Figured humor was the best place to post this.

Go Utes! hehe.


----------



## Catherder (Aug 2, 2008)

You don't like the idea? I think BYU could institute it too, but they should put the first one in Lavell Edwards Stadium for the fans. The line might be a bit long though.


----------



## wyoming2utah (Sep 12, 2007)

Catherder said:


> You don't like the idea? I think BYU could institute it too, but they should put the first one in Lavell Edwards Stadium for the fans. The line might be a bit long though.

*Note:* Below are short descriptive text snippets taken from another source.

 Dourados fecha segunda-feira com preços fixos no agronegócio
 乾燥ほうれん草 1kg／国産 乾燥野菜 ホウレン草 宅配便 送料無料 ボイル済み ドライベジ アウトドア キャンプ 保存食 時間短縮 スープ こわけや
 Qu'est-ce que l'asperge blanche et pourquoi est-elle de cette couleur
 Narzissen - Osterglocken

After last night, the Jazz need one too!

I don't think BYU fans need a cry closet; they do it openly just fine!


----------



## GaryFish (Sep 7, 2007)

I texted the story to my daughter at Utah State. She said they have dog cuddling rooms in Logan for stressed out students.


----------



## Clarq (Jul 21, 2011)

I spent 4 years at the U, and let's just say... there are a lot of reasons to cry when you're a student at that place.



GaryFish said:


> I texted the story to my daughter at Utah State. She said they have dog cuddling rooms in Logan for stressed out students.


At USU, there's also a designated crying area at the testing center. They request that all episodes be kept to a maximum of 10 minutes.


----------



## ZEKESMAN (Sep 14, 2007)

GaryFish said:


> I texted the story to my daughter at Utah State. She said they have dog cuddling rooms in Logan for stressed out students.


How do I get the job as cuddle dog trainer at the University? Anyone? Vic


----------